And then you just use the library like the example below (use import syntax if you have Babel configured for it):

const ToatieCache = require('tiny-toatie-cache');

const cacheStorageSize = 1234456;
const cache = ToatieCache.build(cacheStorageSize);

cache.append(Buffer.from([0x66, 0x84, 0x33, 0x56, 0x11, 0x34, 0x89, 0xff]));
for (let i = 0; i < 64000; ++i) {
  cache.append(Buffer.from([0xff]));
}

cache.on('hit', timeTook => {
  console.log(`Cache hit! Operation time: ${timeTook}ms`);
});

cache.on('miss', timeTook => {
  console.log(`Cache miss! Operation time: ${timeTook}ms`);
});

/** First call, a cold lookup.
 *
 *  response: `{ offset: 64005, value: <Buffer 33 56>, length: 2 }`
 **/
console.log(cache.find(Buffer.from([0x33, 0x56])));

/** Second call, a cache hit
 *
 *  response: `{ offset: 64005, value: <Buffer 33 56>, length: 2 }`
 **/
console.log(cache.find(Buffer.from([0x33, 0x56])));

/** Third call, a cache hit
 *
 *  response: `{ offset: 64005, value: <Buffer 33 56>, length: 2 }`
 **/
console.log(cache.find(Buffer.from([0x33, 0x56])));

for (let i = 0; i < 16; ++i) {
  cache.append(Buffer.from([0xff]));
}

/** Fourth call, after appending data, cache hit
 *
 *  response: `{ offset: 64021, value: <Buffer 33 56>, length: 2 }`
 **/
console.log(cache.find(Buffer.from([0x33, 0x56])));

And its output:

/your-rad-project ‹master*› % node sample.js
Cache miss! Operation time: 20ms
Cache hit! Operation time: 1ms
Cache hit! Operation time: 0ms

Performance

driving-range-test.js tests scenarios by generating a set (the exact number is controlled by input_key_count) of random words, appends them to the cache and then performs a set of search queries against the cache. number_of_search_attempts controls the number of queries it makes and only_dictionary_search_queries controls whether or not it it uses words it knows are in the dictionary, or if it uses random words.

It performs one test with the cache off as a control, then it performs another with the cache enabled. Both experiments are timed and the all of the setup displayed.
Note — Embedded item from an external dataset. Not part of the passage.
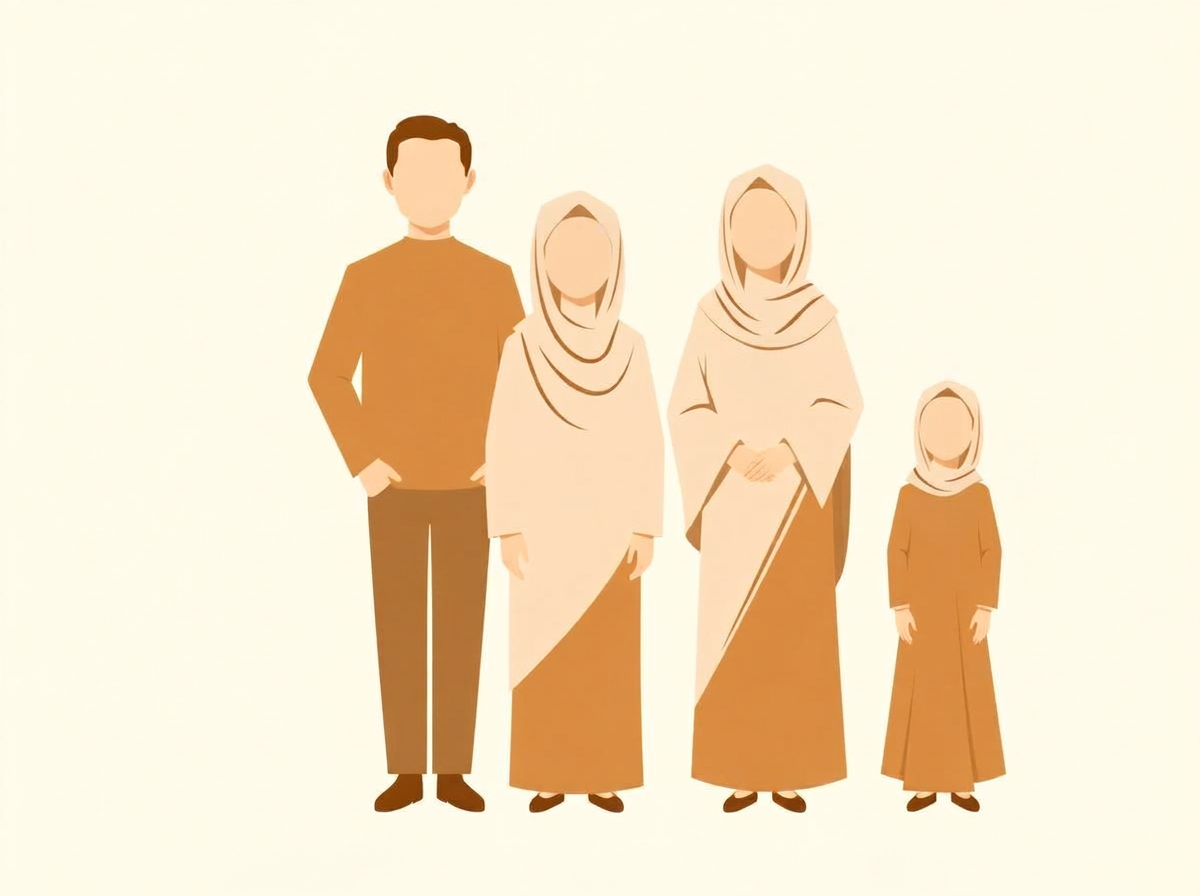 Illustration du thème La famille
cache-on-vs-cache-off-no-negative-queries.js

tiny-toatie-cache ‹master*› % node performance/driving-range/cache-on-vs-cache-off-no-negative-queries.js

Test label: Control experiment (cache disabled)
Cache hits: 0, Cache misses: 1000000
Experiment configuration:
{ input_key_count: 2560,
  dictionary_size: 2560000,
  words_per_key: 2,
  only_dictionary_search_queries: true,
  number_of_search_attempts: 1000000,
  cache_bypass: true }
Experiment time taken: 9063.742370999998


Test label: Cache enabled experiment
Cache hits: 0, Cache misses: 1000000
Experiment configuration:
{ input_key_count: 2560,
  dictionary_size: 2560000,
  words_per_key: 2,
  only_dictionary_search_queries: true,
  number_of_search_attempts: 1000000,
  cache_bypass: false }
Experiment time taken: 1330.6336329999995

cache-on-vs-cache-off-randomised-queries.js

tiny-toatie-cache ‹master*› % node performance/driving-range/cache-on-vs-cache-off-randomised-queries.js

Test label: Control experiment (cache disabled)
Cache hits: 0, Cache misses: 1000000
Experiment configuration:
{ input_key_count: 2560,
  dictionary_size: 2560000,
  words_per_key: 2,
  only_dictionary_search_queries: false,
  number_of_search_attempts: 1000000,
  cache_bypass: true }
Experiment time taken: 17834.606991


Test label: Cache enabled experiment
Cache hits: 0, Cache misses: 3545
Experiment configuration:
{ input_key_count: 2560,
  dictionary_size: 2560000,
  words_per_key: 2,
  only_dictionary_search_queries: false,
  number_of_search_attempts: 1000000,
  cache_bypass: false }
Experiment time taken: 17229.577994